Solomon no había olvidado a las monstruosidades andantes, mucho mayores que un dreadnought, que los habían acechado entre los árboles como gigantes de leyenda y que habían aplastado a los astartes con sus poderosos puños mientras destruían vehículos blindados con los cañones que llevaban acoplados en los hombros y que poseían una potencia de disparo increíble.
«No —pensó Solomon—, no debemos subestimar a los eldars».
El encuentro con el mundo astronave había sido toda una sorpresa para la 28.ª Expedición, y se les había recibido con una hostilidad recelosa hasta que quedó claro que los eldars no tenían intenciones agresivas. Fulgrim había hablado en persona con el llamado Eldrad Ulthran, un individuo que proclamaba ser quien guiaba al mundo astronave, aunque no había llegado a decir que era su líder.

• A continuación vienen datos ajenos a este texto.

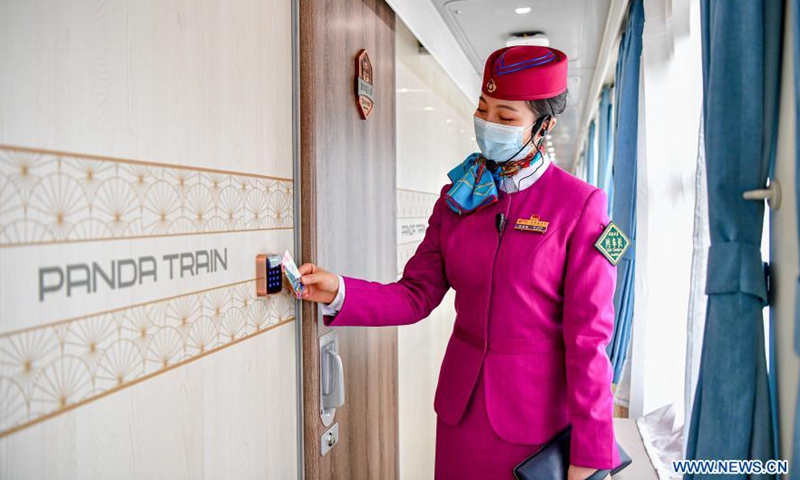 Chief conductor demonstrates a smart room lock on the panda train in southwest China's Sichuan Province, March 24, 2021. China's first panda-themed tourist train panda train started trial run in Sichuan on Wednesday and will start operation on March 28. Transformed from a normal train, the panda train features upgraded standards inclucing 5G wireless network coverage, music and video entertainment system, restaurant and bar, chess and card room and private toilets with constant temperature shower in sleeping carriages.(Photo: Xinhua)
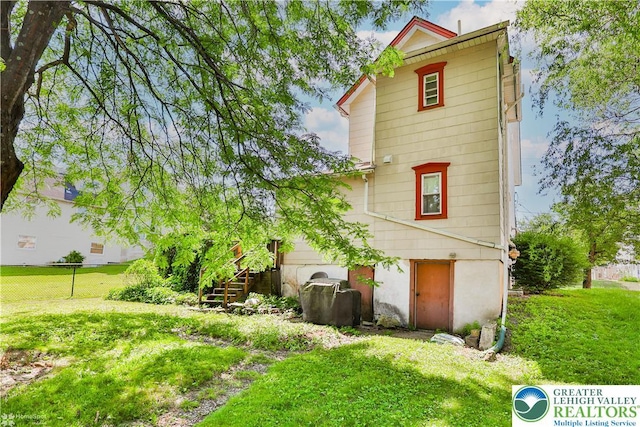 4711 Main St, Whitehall Twp, PA 18052 - back of house featuring stairway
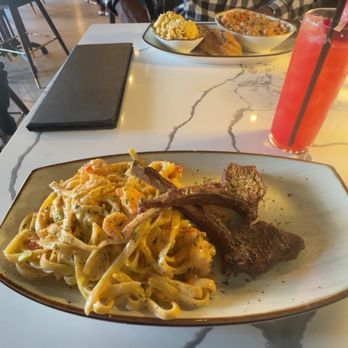 Hyde & Seek - My husband got the crawfish etouffee delight and I got the lamb chop past deluxe.  The food was so rich, well seasoned, and delicious. - Dance Clubs Near Me - Dallas, Texas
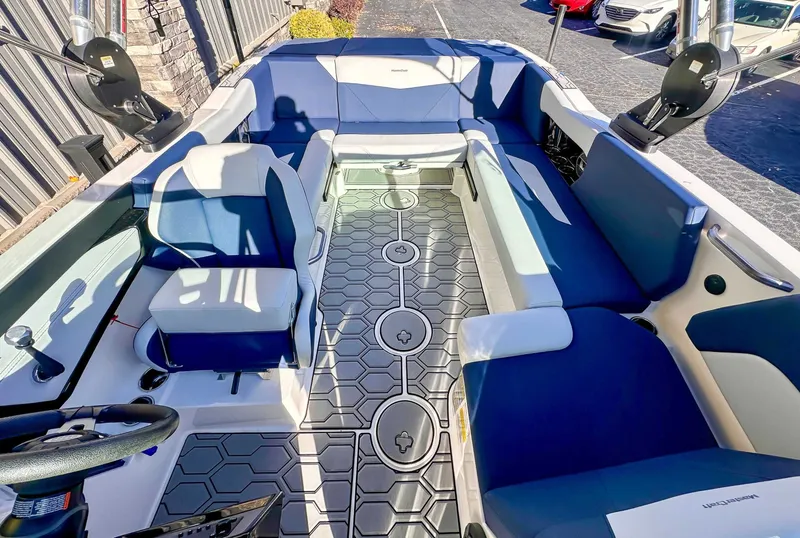 Slide: The Image of Interior of a 2021 MasterCraft NXT22 boat with blue seating. - 11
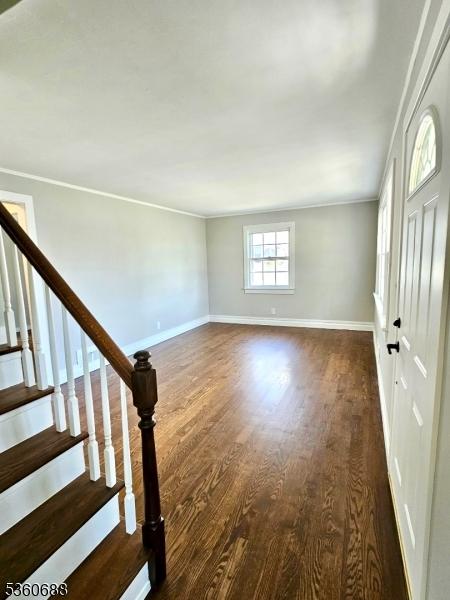 36 Webster Ave, Summit City, NJ 07901 - entrance foyer with crown molding, dark wood finished floors, baseboards, and stairs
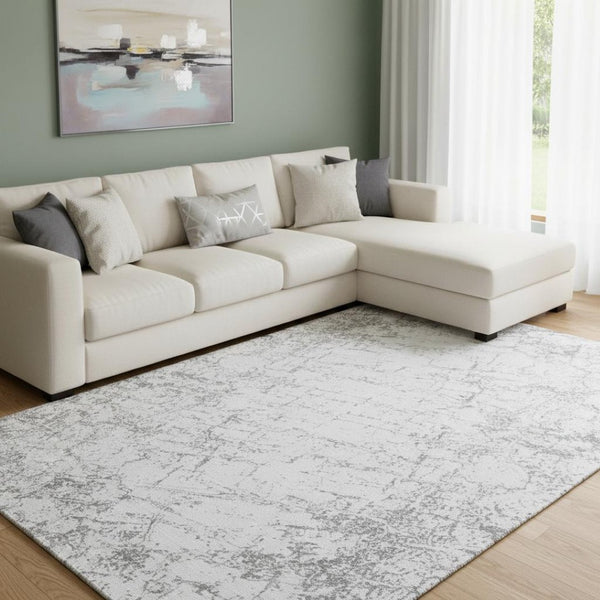 HomeRoots 9' X 12' Gray and Ivory Abstract Washable Area Rug with UV Protection for Stylish, Family-Friendly Living 651081
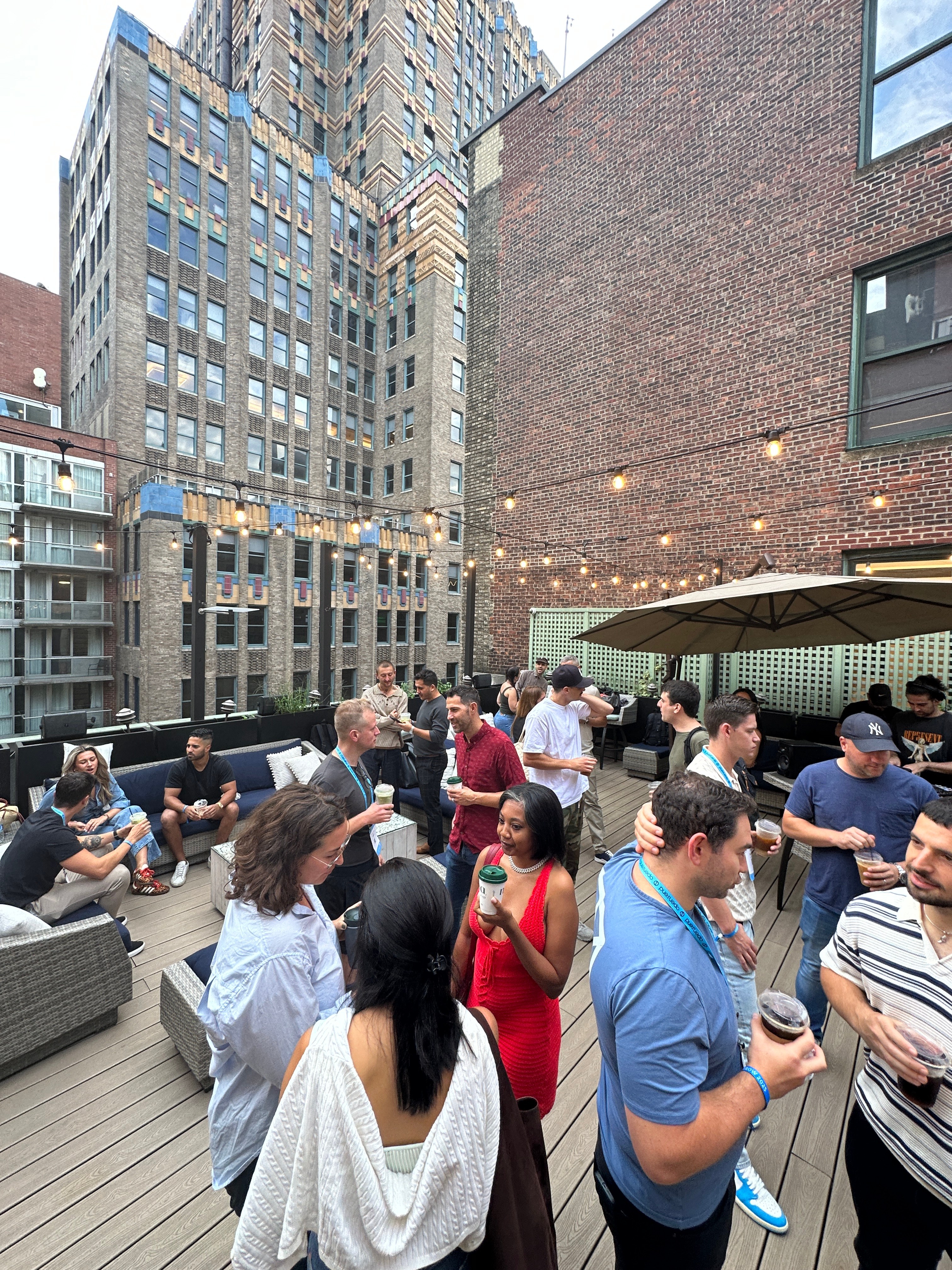 Rooftop networking event with string lights and skyline views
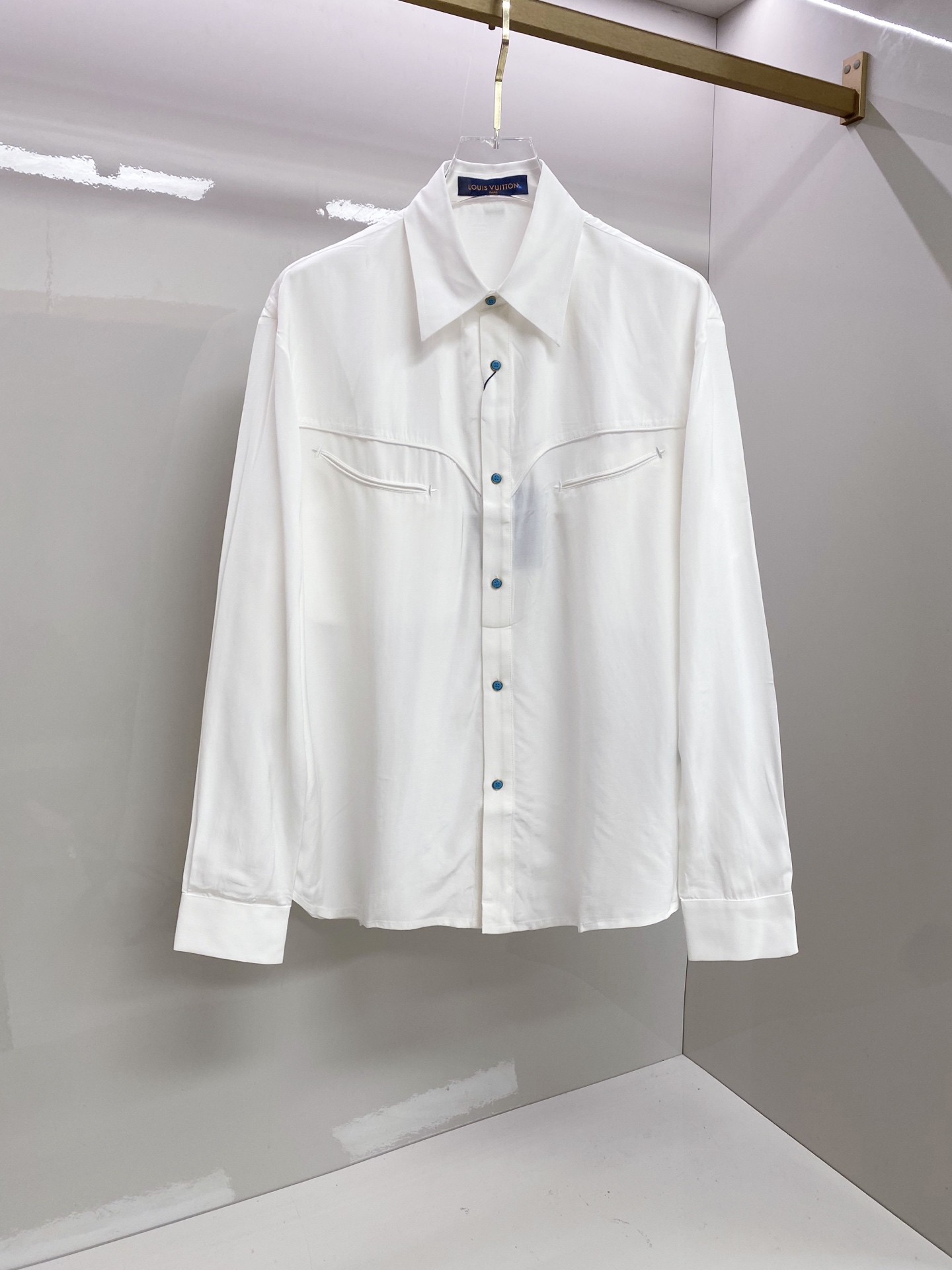 NO:835131,LV  The 2026ss spring and summer limited edition Western-style shirt reconstructs the classic white shirt aesthetic with neat tailoring and clever details. It is made of high-count and high-density poplin fabric, which feels silky and skin-friendly, has a soft light texture, and has a draped and stylish upper body; the body adopts the iconic arc of the Western shirt.  The bust line is divided and decorated with contrasting blue buttons to break the dullness. The curved shoulder design on the back echoes the blue button details on the cuffs. The neat straight silhouette is suitable for a variety of body shapes. Whether worn alone, layered or paired with a suit, it can easily create a relaxed, noble and high-end look.  Size 48-56,,louis vuitton,shirts,business suit,19860909LV 2026ss春夏限定西部风衬衫,以利落剪裁与细节巧思重构经典白衬衫美学.甄选高支高密府绸面料打造,触感丝滑亲肤,自带柔光质感,上身垂坠有型；衣身采用西部衬衫标志性的弧形胸线分割,搭配撞色蓝扣点缀,打破沉闷.后背弧形过肩设计与袖口蓝扣细节呼应,利落直筒版型适配多元身形,无论是单穿、叠穿还是搭配西装,都能轻松塑造松弛显贵的高级感穿搭. 码数48-56,,louis vuitton,shirts,business suit,,Men's clothing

Comenzó un complicado baile de propuestas y contrapropuestas, ya que ninguno de los dos bandos estaba dispuesto a que el otro entrara en su nave. Los gritos que pedían que se enfrentaran a ellos fueron estridentes. Solomon fue el más insistente de todos cuando él, Julius, Marius, Vespasian y Eidolon fueron convocados a las estancias del primarca para escuchar por qué no habían atacado todavía a los eldars, como ordenaba su mandato de conquista.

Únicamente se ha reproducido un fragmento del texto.